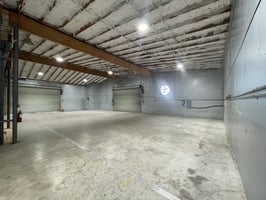 3027995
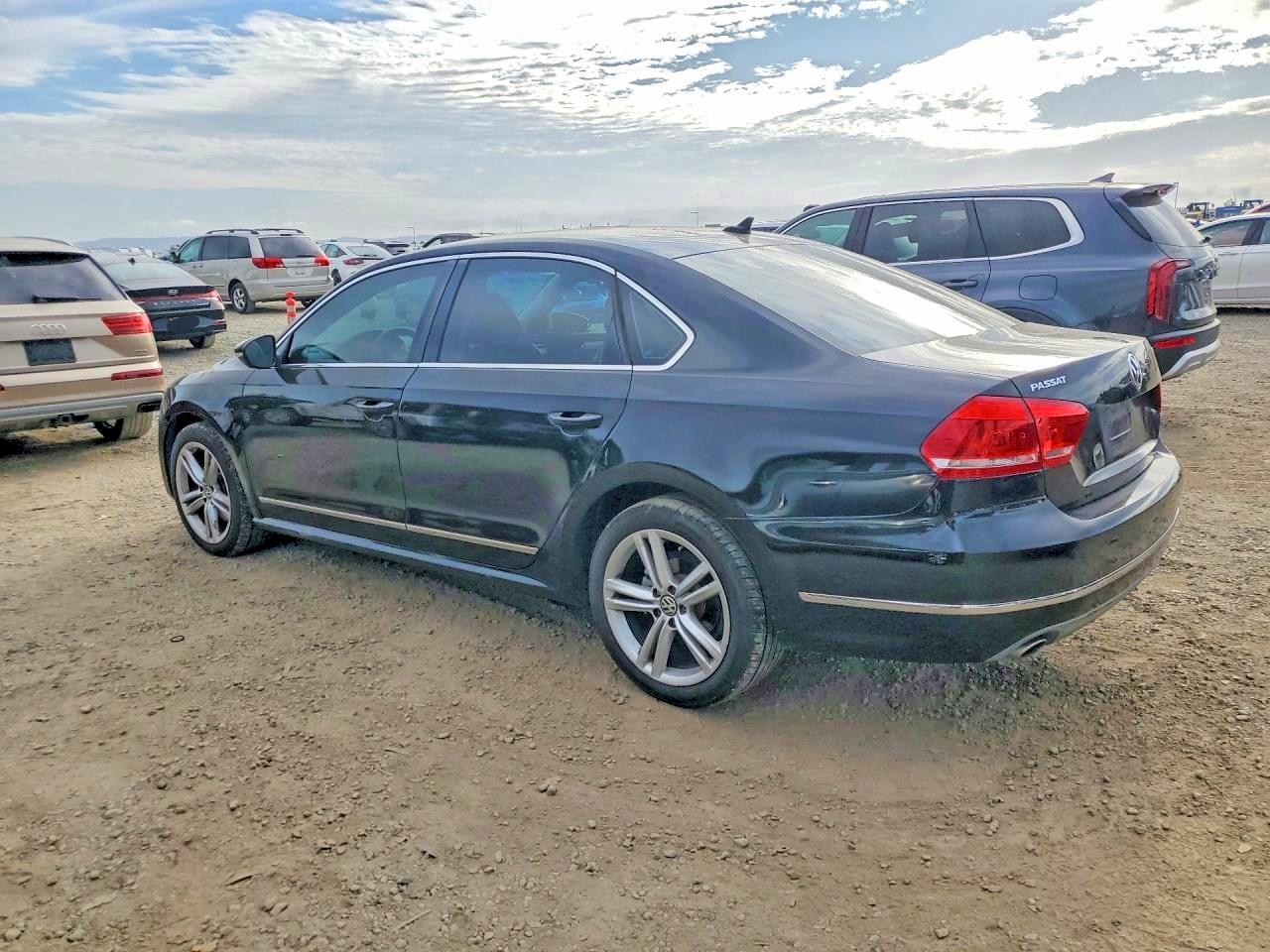 1VWBN7A33CC086724 · 2012 VOLKSWAGEN PASSAT · 2/12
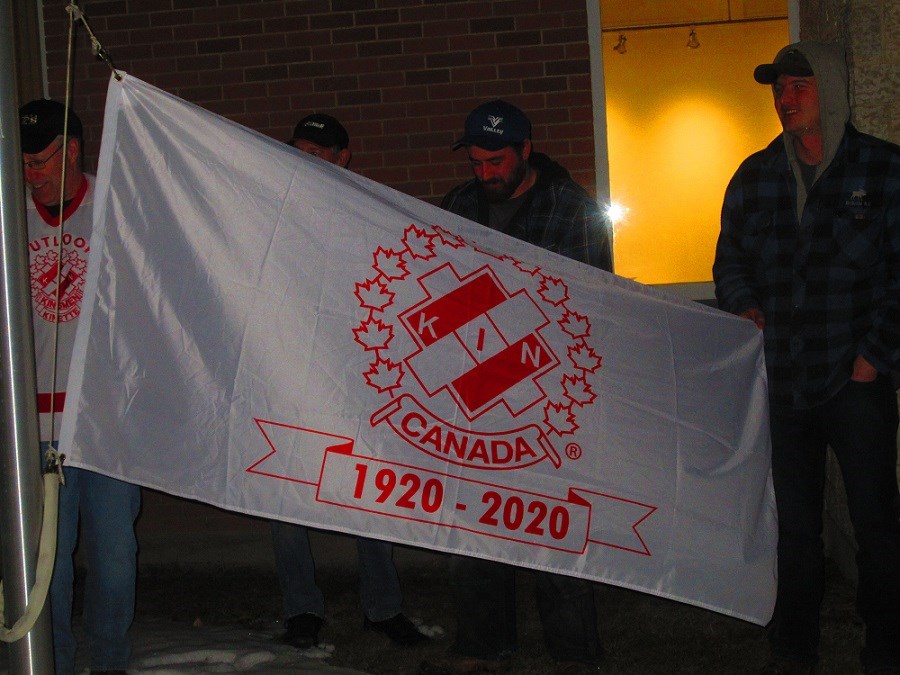 Outlook Kinsmen Raise Flag to Mark 100 Years_0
###
• TASK DIRECTIONS:
Locate "1VWBN7A33CC086724 · 2012" in the listing above, then print exactly the lines from that line through the final one, omitting all pictures.

• YOUR SOLUTION:
 1VWBN7A33CC086724 · 2012 VOLKSWAGEN PASSAT · 2/12
 Outlook Kinsmen Raise Flag to Mark 100 Years_0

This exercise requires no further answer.